Scripts and SQL queries for transitioning the sciencemadness XMB database to phpBB
The main file to load is "sm_transition.rb". The easiest way to use it is to start up a Ruby console by running:
pry -r ./sm-transition.rb
This will connect both the XMB and phpBB databases and allow access to both of them. To see what tables are available, you can type XMB_TABLES
or PHPBB_TABLES
in the Ruby console. If you want to make an SQL query to either database, you can use these wrappers:
XMB_DB.query("SELECT * FROM xmb_members WHERE uid = (SELECT MAX(uid) FROM xmb_members)").to_a.first
PHPBB_DB.query("SELECT * FROM sm_users WHERE user_id = (SELECT MAX(user_id) FROM sm_users)").to_a.first
These commands will return the most recently registered user in the XMB and phpBB databases, respectively. You don't have to do this in most cases though. Using the SQLTable
class, you can do the same thing using the following commands:
XMB.members[XMB.members.max]
PHPBB.users[PHPBB.users.max]
Individual records are always returned as Ruby hash objects. Some tables that are especially important for converting from XMB to phpBB have .to_phpbb(n)
methods, which will convert as many fields as possible and return a hash of tables that then need to be written to the phpBB database. The XMB tables should not be written to for any reason.
Files starting with "fix" or "import" are typically scripts that are made to perform various tasks that are necessary for converting the database to phpBB. The X2P module contains a lot of useful methods for working with these databases. New general-purpose methods are added there, and can be called without a reference to the X2P module.
Importing posts takes quite a lot of time, so in order to speed it up, my conversion script will load all the data for a given thread/topic into memory, then process each one before writing it to the phpBB post table.

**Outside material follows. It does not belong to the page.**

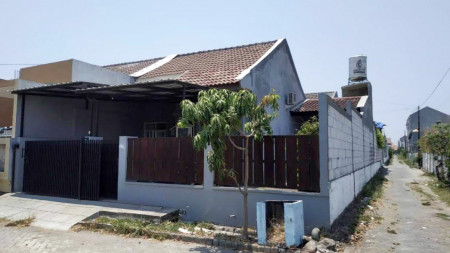 Rumah di Graha Cemandi Regency, Sedati Sidoarjo, Bagus + Terawat, Hook/Pojokan, Siap Huni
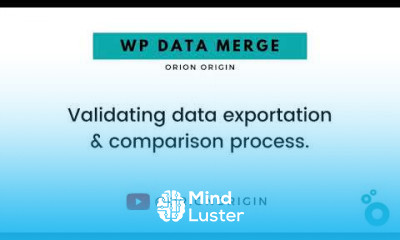 WP Data Merge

For attachments, phpBB saves them as files in the regular filesystem, which seems preferable to saving them as large SQL fields. I was curious as to how many attachments were duplicates in the system, and so set up a process where attachments were run through an MD5 checksum, then saved with their checksum as their filename. This way, duplicate files would have the same name, and presumably also the same data. The amount of duplication wasn't very high though, and implementing this only actually saved about 10% compared to not doing it.